More to the point, Festus Ezeli made about $600,000 more in his first three years in the league than did his teammate drafted five picks later (Draymond Green).  Draymond Green signed an $82 million contract last summer.  Literally nobody cares that Green was a second-round pick.  The cardinal rule of the NBA is that if you can play basketball, you will get paid.  It may not necessarily be on your rookie contract, which is dictated entirely by when you were selected in the draft, but then rookie contracts are nothing compared to free-agent deals or contract extensions that players can sign after their rookie contract is over.  In fact, for guys who can play, getting drafted in the second round (rather than the late first round) removes the team option for the fourth year.  Ezeli is still on his rookie deal in his fourth year in the league; Green became a restricted free agent after his third year.
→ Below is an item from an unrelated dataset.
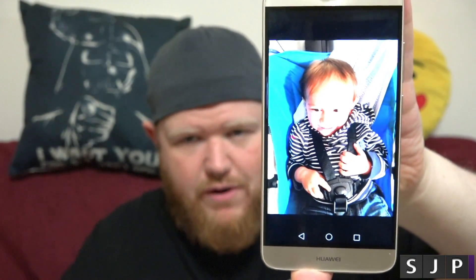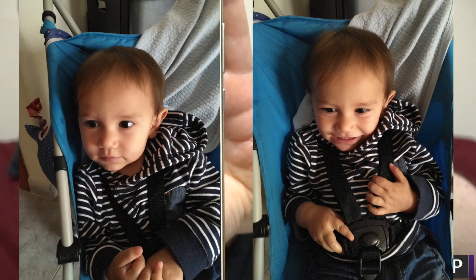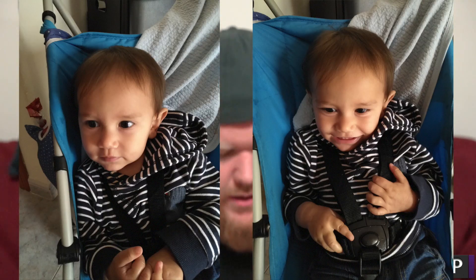Number two would be just above it: the actual camera. I'm going to see if I can show you a picture I took of my son earlier. Here's the picture — I've got two pictures, so I'm going to put one either side, and you can actually see the quality of that picture.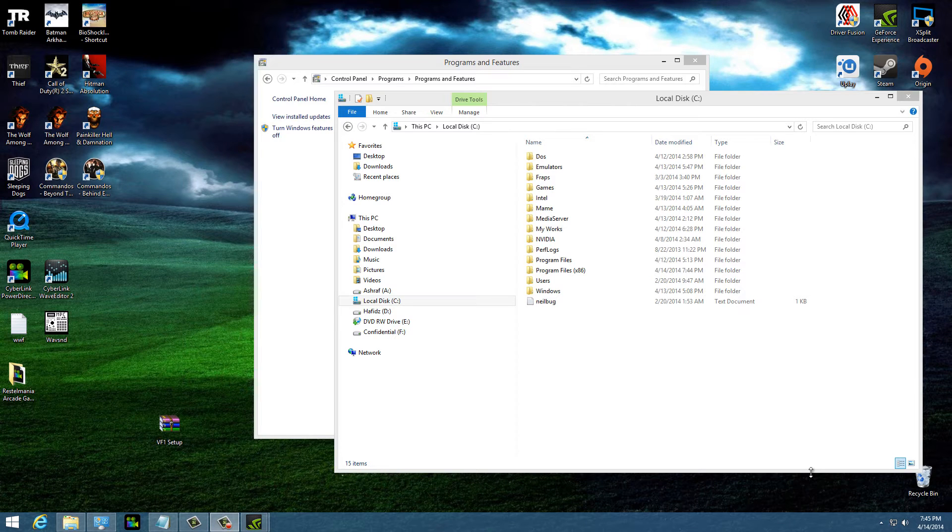Hello and welcome to the feature productions. I'm Hafiz and today I'll be fixing Virtua Fighter 1 running on your new operating system. Now there is bad news and there is good news.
Which doesn't mean that going in the first round is completely overrated.  There are some players for whom the distinction matters.  It matters for a player like Fab Melo, who got paid several million dollars simply because he got drafted in the first round, which is several million dollars more than he would have gotten had he been drafted in the second round.  But that distinction is entirely related to Fab Melo not being very good at basketball.  While some people may think either Baldwin or Jones (or both) will get drafted in the second round, I haven't seen anybody arguing that either player will fail to make an NBA roster.  It's certainly possible simply because either one of them could get caught up in a roster crunch (or because of some unforeseen off-the-court issue), but on the merits both of them should be playing in the NBA next year.
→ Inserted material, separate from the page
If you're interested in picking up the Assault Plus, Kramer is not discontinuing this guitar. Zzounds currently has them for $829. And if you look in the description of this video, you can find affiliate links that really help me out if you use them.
And neither player was likely to improve his draft stock much by returning to school.  Aside from the 2017 NBA Draft reportedly being much deeper than the 2016 draft, the NBA drafts on potential -- and what more was either player going to show in another year of college?  If a prospect who's already NBA-ready comes back to college for another year and dominates, well, that was simply what you expected.  From an NBA perspective, it doesn't change your perspective that much.  And if he doesn't dominate?  His stock is probably going to drop, because while you can still dream on potential to some degree, the longer you stay in college without hitting that potential, the more NBA teams think you're never going to hit it.  Baldwin did, in fact, improve his draft stock by returning for his sophomore year by showing NBA teams that he was more than just a guy with elite measureables.  Jones, though, may have actually hurt his draft stock by returning for his junior year -- and he certainly didn't want to risk hurting it again by being "merely" good in his senior year.  Even if you do think that getting drafted in the first round is important, if either player gets drafted in the second round, then the decision was simply a matter of when they wanted to be a second-round pick.

As for that vaunted Vanderbilt degree?  They can finish it later if they want.  But unlike finishing a college degree, there's a finite amount of time in which a player can have a professional basketball career.  In that context, delaying their professional career by a year or two in pursuit of a college degree means sacrificing a year or two of income -- in exchange for finishing a degree, something they could have done after their professional career was over either way (or, hell, while their professional career is going on.)

So how exactly is either player making a bad decision here?  In both cases, there was almost nothing they could have gained by returning to school.